# Done until April!!!



## daisysmaid (Jun 21, 2018)

So, please excuse the rough coats they are shedding those awesome Colorado winter coats. I put pics of Daisy as reference to what she looks like when not pregnant or during winter they all get goat loose mineral, free choice quality alfalfa, free choice grass hay, baking soda, were just wormed about two months ago with ivermectin(both doses) and given a copper bolus. We realized a little late that the well water was affecting their copper levels.

Daisy is I think 9 years old now hand bred to my new Nigerian buck hunter only one time. She has a due date of March 4th.

Flora is Daisys kid. She was also bred only once by my Nigerian buck hunter confirmed pregnant and due March 7th. She is a FF.


----------



## SalteyLove (Jun 18, 2011)

Exciting!


----------



## daisysmaid (Jun 21, 2018)

I am excited!! I’m thinking triplets for daisy and twins for flora I’m headed to a wedding in another state for 36 hours on the 1st so just hoping they hold off for me!! They are both starting to hollow out by their tail heads sooooo there’s no telling


----------



## Moers kiko boars (Apr 23, 2018)

Wow...you are going to be BUSY BEE! Yes its winter, they get shaggy warm coats...good thing! Cant wait to see Hunters kidos! I hope the girls dont do too much Doe Code on you! Happy Kidding!


----------



## daisysmaid (Jun 21, 2018)

Moers kiko boars said:


> Wow...you are going to be BUSY BEE! Yes its winter, they get shaggy warm coats...good thing! Cant wait to see Hunters kidos! I hope the girls dont do too much Doe Code on you! Happy Kidding!

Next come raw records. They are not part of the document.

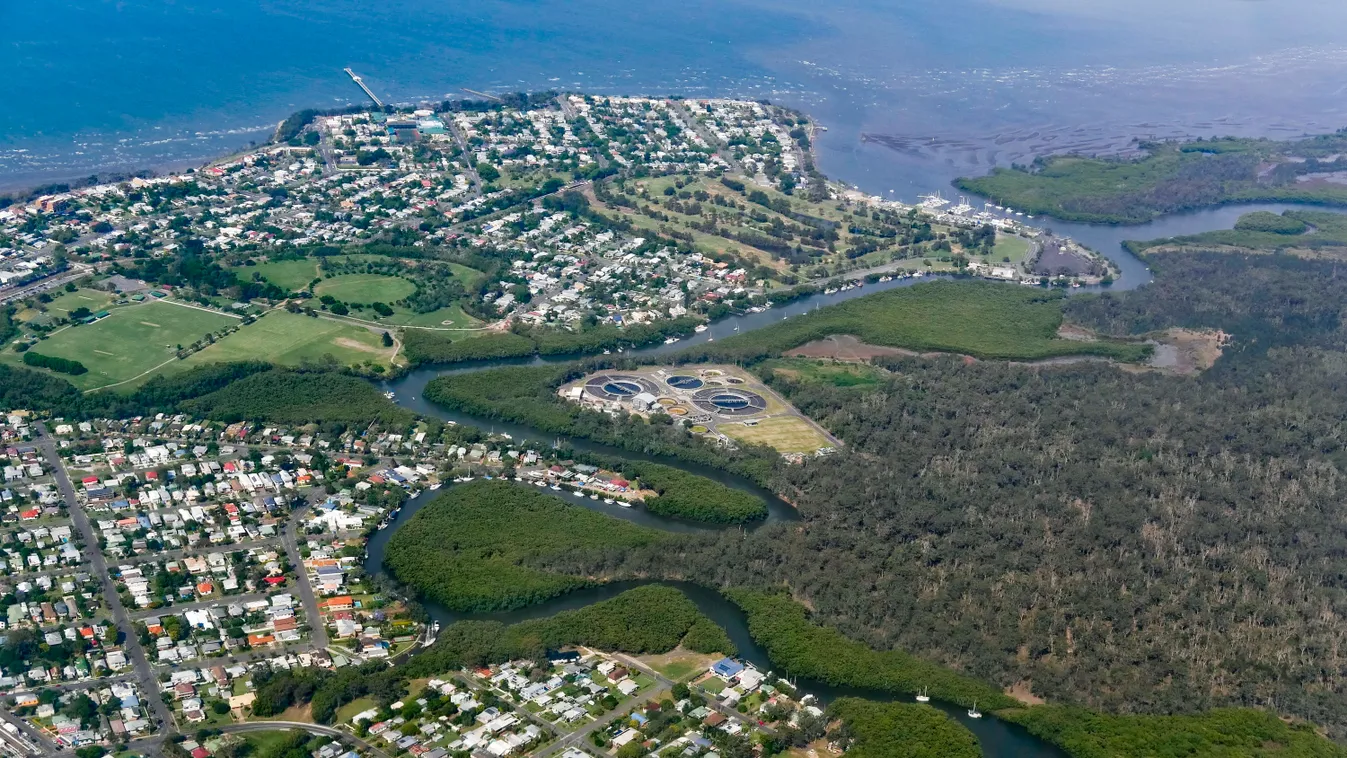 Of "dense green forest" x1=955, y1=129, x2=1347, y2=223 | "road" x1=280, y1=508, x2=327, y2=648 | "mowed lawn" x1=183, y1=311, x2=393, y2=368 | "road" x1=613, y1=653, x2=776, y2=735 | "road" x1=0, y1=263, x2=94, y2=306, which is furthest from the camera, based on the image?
"dense green forest" x1=955, y1=129, x2=1347, y2=223

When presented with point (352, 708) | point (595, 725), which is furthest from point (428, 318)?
point (595, 725)

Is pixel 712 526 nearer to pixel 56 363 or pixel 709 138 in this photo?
pixel 56 363

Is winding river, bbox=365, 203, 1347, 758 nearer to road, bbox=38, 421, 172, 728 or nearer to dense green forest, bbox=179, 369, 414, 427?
dense green forest, bbox=179, 369, 414, 427

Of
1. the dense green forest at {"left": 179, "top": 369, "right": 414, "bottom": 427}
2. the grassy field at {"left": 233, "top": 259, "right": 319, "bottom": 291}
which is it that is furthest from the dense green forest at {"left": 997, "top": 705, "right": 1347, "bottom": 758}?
the grassy field at {"left": 233, "top": 259, "right": 319, "bottom": 291}

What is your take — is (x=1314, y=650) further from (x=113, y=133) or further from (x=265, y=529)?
(x=113, y=133)

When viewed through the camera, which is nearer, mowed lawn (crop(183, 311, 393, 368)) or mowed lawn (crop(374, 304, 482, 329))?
mowed lawn (crop(183, 311, 393, 368))

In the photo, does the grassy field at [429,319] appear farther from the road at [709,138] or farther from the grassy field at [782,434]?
the road at [709,138]

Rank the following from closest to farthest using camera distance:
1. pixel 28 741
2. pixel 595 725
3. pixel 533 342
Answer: pixel 28 741
pixel 595 725
pixel 533 342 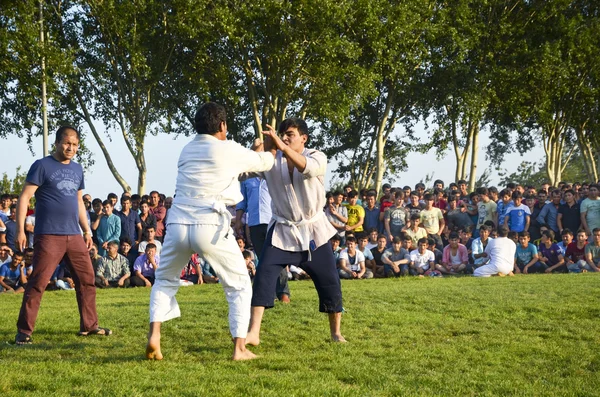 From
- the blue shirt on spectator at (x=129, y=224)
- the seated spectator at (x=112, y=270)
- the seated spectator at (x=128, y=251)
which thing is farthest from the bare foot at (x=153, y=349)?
the blue shirt on spectator at (x=129, y=224)

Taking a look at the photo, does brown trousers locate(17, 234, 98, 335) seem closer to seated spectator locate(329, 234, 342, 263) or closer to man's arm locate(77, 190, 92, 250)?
man's arm locate(77, 190, 92, 250)

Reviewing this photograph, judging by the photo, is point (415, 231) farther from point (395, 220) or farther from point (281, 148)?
point (281, 148)

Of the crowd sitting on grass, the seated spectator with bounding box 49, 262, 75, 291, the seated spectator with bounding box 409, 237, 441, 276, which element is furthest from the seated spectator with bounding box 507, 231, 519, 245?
the seated spectator with bounding box 49, 262, 75, 291

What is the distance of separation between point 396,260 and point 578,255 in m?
4.15

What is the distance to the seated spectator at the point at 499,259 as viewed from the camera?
1752 centimetres

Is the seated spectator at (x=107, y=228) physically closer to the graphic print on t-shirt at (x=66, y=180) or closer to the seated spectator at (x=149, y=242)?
the seated spectator at (x=149, y=242)

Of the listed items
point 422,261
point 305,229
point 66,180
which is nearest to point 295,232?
point 305,229

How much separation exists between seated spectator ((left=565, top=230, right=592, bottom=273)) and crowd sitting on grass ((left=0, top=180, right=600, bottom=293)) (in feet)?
0.08

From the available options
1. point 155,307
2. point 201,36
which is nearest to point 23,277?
point 155,307

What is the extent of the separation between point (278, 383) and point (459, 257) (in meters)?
13.5

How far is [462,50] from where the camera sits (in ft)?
107

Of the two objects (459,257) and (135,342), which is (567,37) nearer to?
(459,257)

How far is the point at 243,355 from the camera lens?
22.4 ft

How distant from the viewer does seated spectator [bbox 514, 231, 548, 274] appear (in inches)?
728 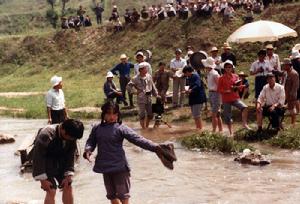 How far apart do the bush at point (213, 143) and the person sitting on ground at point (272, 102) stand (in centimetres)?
91

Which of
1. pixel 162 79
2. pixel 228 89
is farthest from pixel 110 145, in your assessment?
pixel 162 79

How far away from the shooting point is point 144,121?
15.4 m

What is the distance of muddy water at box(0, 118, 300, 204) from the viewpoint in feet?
28.3

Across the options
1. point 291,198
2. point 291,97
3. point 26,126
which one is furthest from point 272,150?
point 26,126

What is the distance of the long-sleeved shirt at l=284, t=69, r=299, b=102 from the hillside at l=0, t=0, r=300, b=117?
9.16 metres

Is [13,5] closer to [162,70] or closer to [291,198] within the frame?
[162,70]

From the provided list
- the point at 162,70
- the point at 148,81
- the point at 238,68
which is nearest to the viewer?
the point at 148,81

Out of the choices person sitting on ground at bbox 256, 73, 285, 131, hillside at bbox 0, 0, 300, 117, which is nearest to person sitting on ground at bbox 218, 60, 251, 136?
person sitting on ground at bbox 256, 73, 285, 131

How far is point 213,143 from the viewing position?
12000 mm

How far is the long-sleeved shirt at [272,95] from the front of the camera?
A: 12.2 m

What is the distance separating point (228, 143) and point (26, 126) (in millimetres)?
8511

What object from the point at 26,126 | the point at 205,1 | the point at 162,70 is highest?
the point at 205,1

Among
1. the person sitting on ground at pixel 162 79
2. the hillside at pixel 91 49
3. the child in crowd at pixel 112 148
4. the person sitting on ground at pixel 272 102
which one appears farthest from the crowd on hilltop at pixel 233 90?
the hillside at pixel 91 49

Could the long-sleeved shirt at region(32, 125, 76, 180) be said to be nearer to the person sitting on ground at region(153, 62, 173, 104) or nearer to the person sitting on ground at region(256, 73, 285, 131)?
the person sitting on ground at region(256, 73, 285, 131) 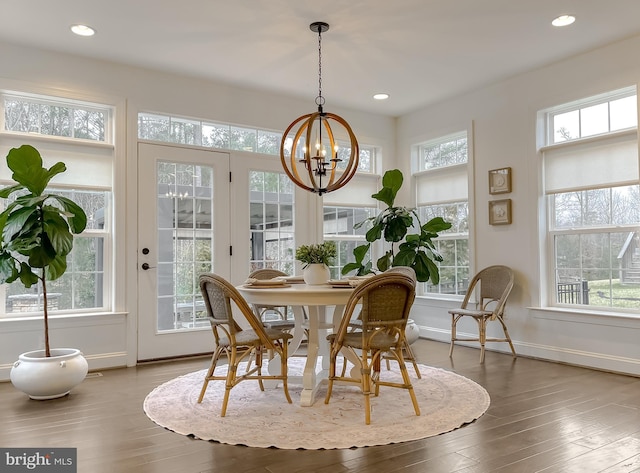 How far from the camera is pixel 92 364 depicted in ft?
14.8

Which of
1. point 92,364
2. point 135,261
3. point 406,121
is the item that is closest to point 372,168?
point 406,121

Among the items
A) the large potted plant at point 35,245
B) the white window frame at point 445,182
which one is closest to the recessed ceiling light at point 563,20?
the white window frame at point 445,182

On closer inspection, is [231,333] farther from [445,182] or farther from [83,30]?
[445,182]

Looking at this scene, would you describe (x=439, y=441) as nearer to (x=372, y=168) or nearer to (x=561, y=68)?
(x=561, y=68)

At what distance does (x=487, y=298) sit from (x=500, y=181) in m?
1.25

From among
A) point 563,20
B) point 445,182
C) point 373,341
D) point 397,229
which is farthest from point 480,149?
point 373,341

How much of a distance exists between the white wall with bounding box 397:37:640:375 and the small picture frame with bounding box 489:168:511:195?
0.07 meters

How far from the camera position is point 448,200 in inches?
237

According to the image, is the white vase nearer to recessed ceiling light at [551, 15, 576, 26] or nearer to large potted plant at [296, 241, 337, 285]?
large potted plant at [296, 241, 337, 285]

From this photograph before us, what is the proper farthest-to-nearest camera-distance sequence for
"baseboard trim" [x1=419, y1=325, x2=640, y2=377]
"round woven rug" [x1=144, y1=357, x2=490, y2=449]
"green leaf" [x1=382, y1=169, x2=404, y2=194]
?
"green leaf" [x1=382, y1=169, x2=404, y2=194] < "baseboard trim" [x1=419, y1=325, x2=640, y2=377] < "round woven rug" [x1=144, y1=357, x2=490, y2=449]

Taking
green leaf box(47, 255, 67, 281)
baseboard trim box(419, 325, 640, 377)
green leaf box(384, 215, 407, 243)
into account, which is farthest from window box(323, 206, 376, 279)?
green leaf box(47, 255, 67, 281)

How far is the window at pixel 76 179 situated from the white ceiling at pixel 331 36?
0.55 meters

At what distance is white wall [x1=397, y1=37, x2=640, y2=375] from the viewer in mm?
4344

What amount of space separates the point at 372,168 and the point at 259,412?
4.13 meters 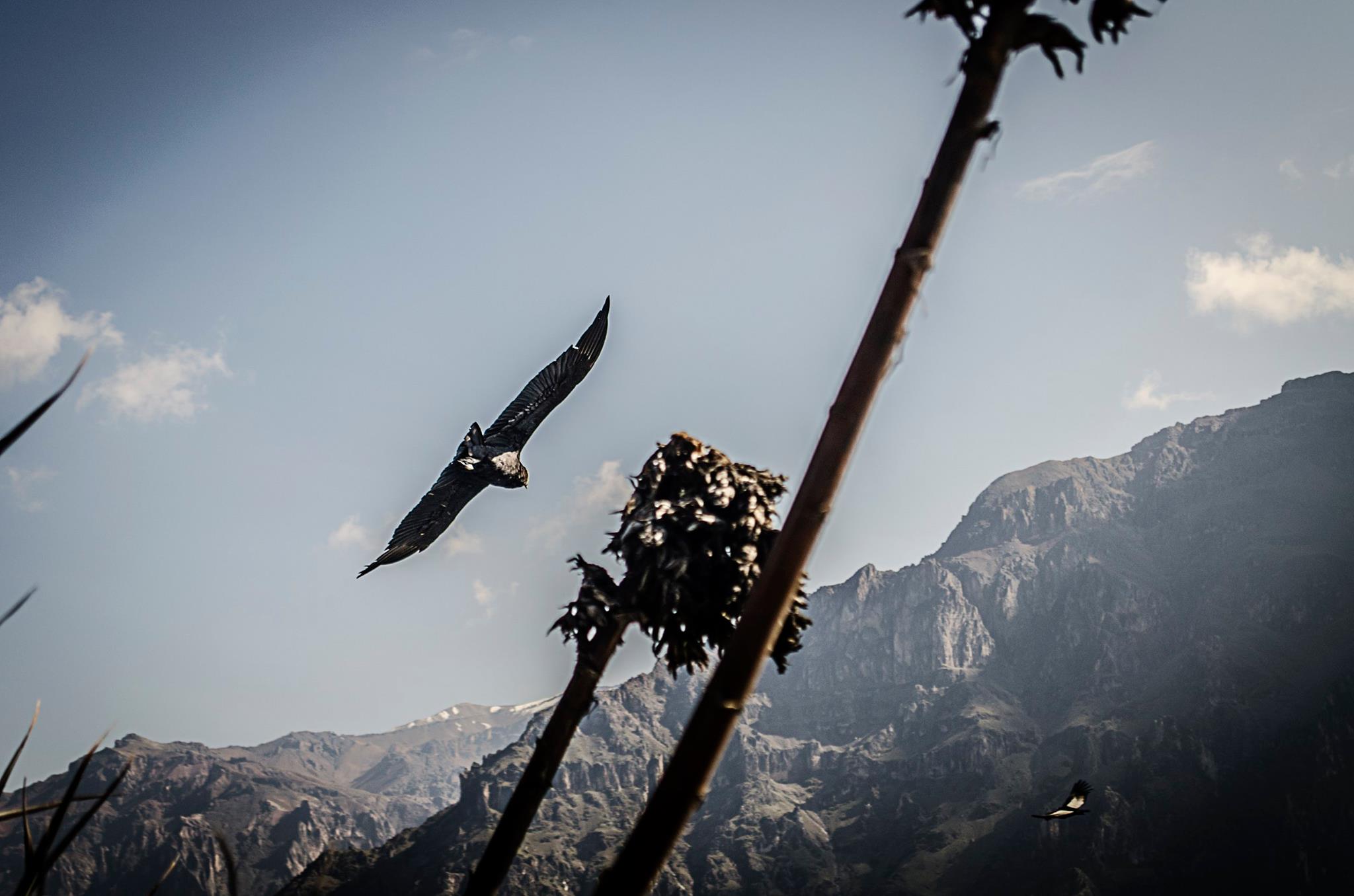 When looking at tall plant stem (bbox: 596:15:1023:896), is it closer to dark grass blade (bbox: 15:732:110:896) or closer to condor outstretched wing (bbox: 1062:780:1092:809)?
dark grass blade (bbox: 15:732:110:896)

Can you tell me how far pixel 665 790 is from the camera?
756cm

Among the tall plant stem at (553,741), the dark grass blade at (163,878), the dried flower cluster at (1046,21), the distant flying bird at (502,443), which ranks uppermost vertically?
the distant flying bird at (502,443)

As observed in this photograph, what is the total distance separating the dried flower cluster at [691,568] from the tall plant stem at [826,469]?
13.0ft

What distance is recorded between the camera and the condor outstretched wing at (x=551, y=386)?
2558 centimetres

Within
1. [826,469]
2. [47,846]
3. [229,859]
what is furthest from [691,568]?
[47,846]

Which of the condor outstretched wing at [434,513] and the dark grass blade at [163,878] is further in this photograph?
the condor outstretched wing at [434,513]

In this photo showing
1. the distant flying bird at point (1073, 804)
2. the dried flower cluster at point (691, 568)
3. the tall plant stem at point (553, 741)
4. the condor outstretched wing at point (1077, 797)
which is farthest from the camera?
the condor outstretched wing at point (1077, 797)

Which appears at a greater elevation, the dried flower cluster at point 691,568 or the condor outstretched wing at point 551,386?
the condor outstretched wing at point 551,386

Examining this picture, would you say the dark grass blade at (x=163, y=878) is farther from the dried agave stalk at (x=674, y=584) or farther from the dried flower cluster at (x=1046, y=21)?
the dried flower cluster at (x=1046, y=21)

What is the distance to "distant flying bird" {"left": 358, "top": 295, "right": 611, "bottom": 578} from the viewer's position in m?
25.2

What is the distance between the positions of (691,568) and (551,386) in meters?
14.4

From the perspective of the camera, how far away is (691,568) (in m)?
12.1

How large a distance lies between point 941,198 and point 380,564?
18.1m

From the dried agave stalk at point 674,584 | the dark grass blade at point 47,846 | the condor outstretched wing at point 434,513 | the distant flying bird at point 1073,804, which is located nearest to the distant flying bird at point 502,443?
the condor outstretched wing at point 434,513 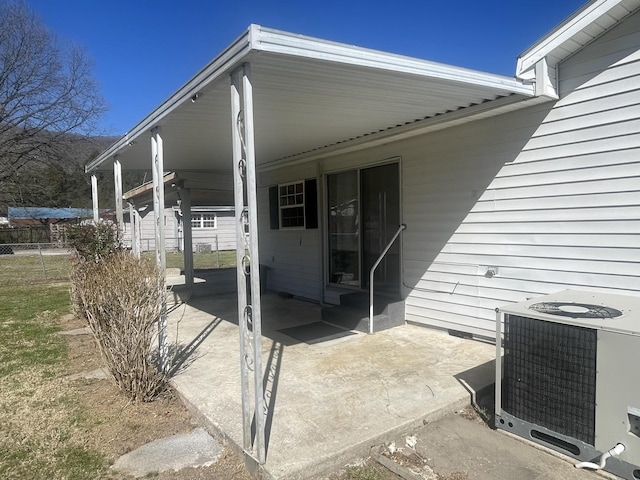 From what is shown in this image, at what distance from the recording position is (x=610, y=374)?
7.82 feet

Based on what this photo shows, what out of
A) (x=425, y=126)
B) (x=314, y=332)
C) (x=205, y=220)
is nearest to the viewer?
(x=425, y=126)

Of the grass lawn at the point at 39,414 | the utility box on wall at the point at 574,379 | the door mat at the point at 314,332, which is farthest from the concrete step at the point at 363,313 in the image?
the grass lawn at the point at 39,414

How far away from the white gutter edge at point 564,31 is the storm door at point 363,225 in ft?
7.27

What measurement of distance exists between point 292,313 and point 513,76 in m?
4.55

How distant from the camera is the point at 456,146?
196 inches

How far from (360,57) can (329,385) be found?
105 inches

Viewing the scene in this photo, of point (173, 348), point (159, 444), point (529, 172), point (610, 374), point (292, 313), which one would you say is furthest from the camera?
point (292, 313)

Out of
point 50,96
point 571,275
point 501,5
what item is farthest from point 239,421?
point 50,96

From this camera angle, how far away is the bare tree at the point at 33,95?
59.3ft

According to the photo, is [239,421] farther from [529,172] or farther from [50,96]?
[50,96]

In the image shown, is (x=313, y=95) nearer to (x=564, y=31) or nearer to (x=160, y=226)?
(x=160, y=226)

Yes, me too! I'm happy because of the hand breeding and only one time! I won't have months of agonizing doe code only 1-2 weeks worth lol


----------



## ksalvagno (Oct 6, 2009)

Good luck!


----------



## toth boer goats (Jul 20, 2008)

:great:


----------



## daisysmaid (Jun 21, 2018)

I’m also super curious what hunters doe/buck ratio is lol I love this time of year!!


----------



## GoofyGoat (Sep 21, 2018)

Oh it's getting so close! YAY!
I hope they don't kid while you're at the wedding. Good luck!


----------



## daisysmaid (Jun 21, 2018)

GoofyGoat said:


> Oh it's getting so close! YAY!
> I hope they don't kid while you're at the wedding. Good luck!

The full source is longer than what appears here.